My gut tells me there is a single thing that is causing all of these things to happen, but, each individual item could be caused by multiple things too. I just can't seem to narrow down what the 1 or 2 things are that is causing this.

It could be a couple things and when combined are causing misfires, low vacuum, oil light coming on when coming to a stop, hard downshift from 3rd to 2nd. It's just the only thing I can think of that could cause all of these things is an air leak or an AOS but I dont have any other symptoms of a bad AOS or a bad cat. it misfires at idle and around 2800. The misfires are a symptom of the issue, dont think they are the cause of the issue.

So limited mostly to cyl 1 no matter what coil or plug used.
If you could hook a Digital multi meter into the wiring for cyl 1 make it misfire and see if the signal from the DME/ECU is at fault.
Or use a spark test thing that goes between the plug and the coil.
Try to eliminate the DME/ECU and wiring as an issue. (electrical).
That would eliminate the Alternator as well if the issue is not electrical.
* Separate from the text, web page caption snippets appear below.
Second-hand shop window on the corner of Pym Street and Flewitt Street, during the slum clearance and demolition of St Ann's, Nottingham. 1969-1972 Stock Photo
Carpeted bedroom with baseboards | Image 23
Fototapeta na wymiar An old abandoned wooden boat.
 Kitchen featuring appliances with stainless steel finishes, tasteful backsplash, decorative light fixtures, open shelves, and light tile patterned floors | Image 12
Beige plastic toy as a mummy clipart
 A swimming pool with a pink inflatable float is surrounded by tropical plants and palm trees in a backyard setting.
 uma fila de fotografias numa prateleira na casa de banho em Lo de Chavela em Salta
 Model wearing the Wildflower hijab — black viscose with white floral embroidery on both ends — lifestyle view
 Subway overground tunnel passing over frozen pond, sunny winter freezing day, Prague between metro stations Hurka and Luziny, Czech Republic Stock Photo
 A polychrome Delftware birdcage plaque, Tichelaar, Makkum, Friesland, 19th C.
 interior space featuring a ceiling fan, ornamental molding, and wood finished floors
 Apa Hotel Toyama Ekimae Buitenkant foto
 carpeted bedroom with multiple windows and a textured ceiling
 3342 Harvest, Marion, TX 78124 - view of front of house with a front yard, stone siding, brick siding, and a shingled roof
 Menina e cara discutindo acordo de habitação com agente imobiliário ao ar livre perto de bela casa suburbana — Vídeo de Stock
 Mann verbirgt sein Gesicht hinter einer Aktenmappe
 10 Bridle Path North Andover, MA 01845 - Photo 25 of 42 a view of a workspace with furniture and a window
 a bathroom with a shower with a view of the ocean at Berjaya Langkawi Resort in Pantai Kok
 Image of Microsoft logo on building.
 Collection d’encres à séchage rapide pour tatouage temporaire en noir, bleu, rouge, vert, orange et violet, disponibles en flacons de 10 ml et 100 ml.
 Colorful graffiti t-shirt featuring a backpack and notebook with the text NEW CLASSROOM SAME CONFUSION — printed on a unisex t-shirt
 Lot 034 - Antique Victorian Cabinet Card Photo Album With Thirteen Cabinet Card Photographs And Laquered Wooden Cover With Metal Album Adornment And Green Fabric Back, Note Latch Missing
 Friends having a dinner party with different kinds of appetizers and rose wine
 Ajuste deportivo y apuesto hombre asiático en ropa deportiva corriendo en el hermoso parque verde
Stl-986 07-26-2021 05:11 PM

I have a picoscope. think hooking that up to the wiring at the coil or the dme is better?
Is this the right one to connect to?

http://986forum.com/forums/uploads02...1627348289.jpg

blue62 07-26-2021 05:45 PM

Quote:

Originally Posted by Stl-986 (Post 639501)
I have a picoscope. think hooking that up to the wiring at the coil or the dme is better?
Is this the right one to connect to?

http://986forum.com/forums/uploads02...1627348289.jpg

You have a Pico???
HELL YES :D:D
Hook up at the coil that will let you see the signal from the DME via the wiring to the coil.
Do you have enough channels to hook up to more that one coil at a time???
That way you check signal and compare the signal to a good firing cyl all at the same time.
Two birds with one Pico:):)
If cyl 1 shows fault you can work your way backwards to the DME

Stl-986 07-26-2021 06:13 PM

Have a 2204a so only 2 channels.

Stl-986 07-26-2021 06:15 PM

taking the lazy way right now. have channel a on coil 1 & b on coil 4 at the dme, connector 5. backpin on them. The settings are most likely not correct, but

http://986forum.com/forums/uploads02...1627352095.jpg

Stl-986 07-26-2021 06:23 PM

I so need a different diag tool that will do durametric & pico all in one. Not easy to capture the screen immediately after a misfire before the pico buffer goes away

http://986forum.com/forums/uploads02...1627352563.jpg

blue62 07-26-2021 06:33 PM

Quote:

Originally Posted by Stl-986 (Post 639515)
I so need a different diag tool that will do durametric & pico all in one. Not easy to capture the screen immediately after a misfire before the pico buffer goes away

http://986forum.com/forums/uploads02...1627352563.jpg

So If I am correct blue is A=Cyl 1
The long tails on the blue dropping to what looks like negative voltage are misfires????
If that is correct now I would hook up at the DME if you don't see the misfires then you have a wiring issue.

Stl-986 07-26-2021 06:36 PM

Correct. Blue = A = Cyl 1
Red = B = Cyl 4

I have it hooked up at the DME

Channel B also has the negative spikes and there are NO misfires on that cylinder

blue62 07-26-2021 06:54 PM

Quote:

Originally Posted by Stl-986 (Post 639517)
Correct. Blue = A = Cyl 1
Red = B = Cyl 4

I have it hooked up at the DME

Channel B also has the negative spikes and there are NO misfires on that cylinder

So those are not misfires??
Then I would hook up at the coil and see what happens.